Build a SOM for quality analysis of time series samples

These function use self-organized maps to perform quality analysis in satellite image time series.

Usage

sits_som_map(
  data,
  grid_xdim = 10L,
  grid_ydim = 10L,
  alpha = 1,
  rlen = 100L,
  distance = "dtw",
  som_radius = 2L,
  mode = "online"
)

Arguments

data: A tibble with samples to be clustered.
grid_xdim: X dimension of the SOM grid (default = 25).
grid_ydim: Y dimension of the SOM grid.
alpha: Starting learning rate (decreases according to number of iterations).
rlen: Number of iterations to produce the SOM.
distance: The type of similarity measure (distance). The following similarity measurements are supported: "euclidean" and "dtw". The default similarity measure is "dtw".
som_radius: Radius of SOM neighborhood.
mode: Type of learning algorithm.

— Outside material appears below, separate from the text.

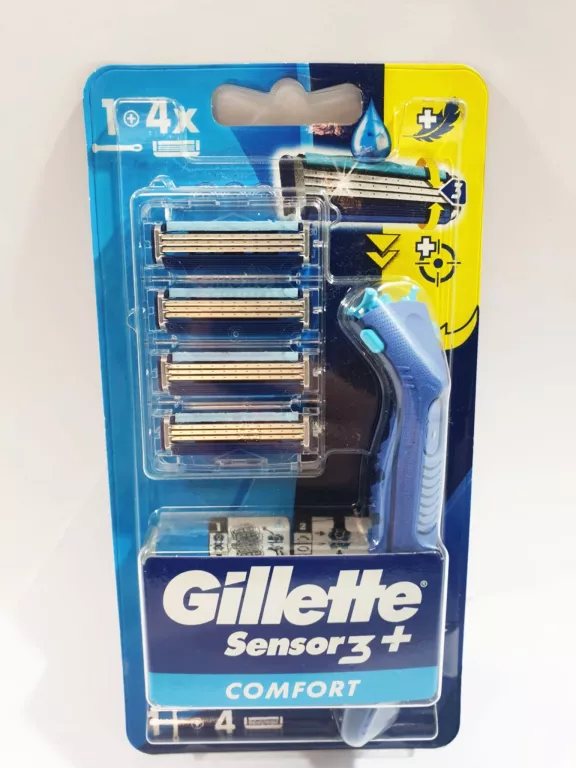 GILLETTE BLUE 3 PLUS COMFORT 4X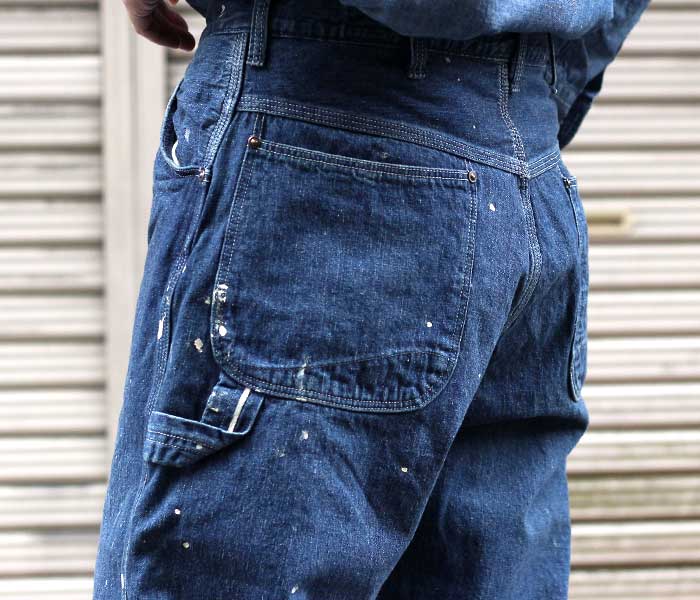 orSlow オアスロウ ペインターパンツ デニム ユーズド加工 ペイント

The following learning algorithm are available: "online", "batch", and "pbatch". The default learning algorithm is "online".

Value

sits_som_map() produces a list with three members: (1) the samples tibble, with one additional column indicating to which neuron each sample has been mapped; (2) the Kohonen map, used for plotting and cluster quality measures; (3) a tibble with the labelled neurons, where each class of each neuron is associated to two values: (a) the prior probability that this class belongs to a cluster based on the frequency of samples of this class allocated to the neuron; (b) the posterior probability that this class belongs to a cluster, using data for the neighbours on the SOM map.

Note

sits_som_map creates a SOM map, where high-dimensional data is mapped into a two dimensional map, keeping the topological relations between data patterns. Each sample is assigned to a neuron, and neurons are placed in the grid based on similarity.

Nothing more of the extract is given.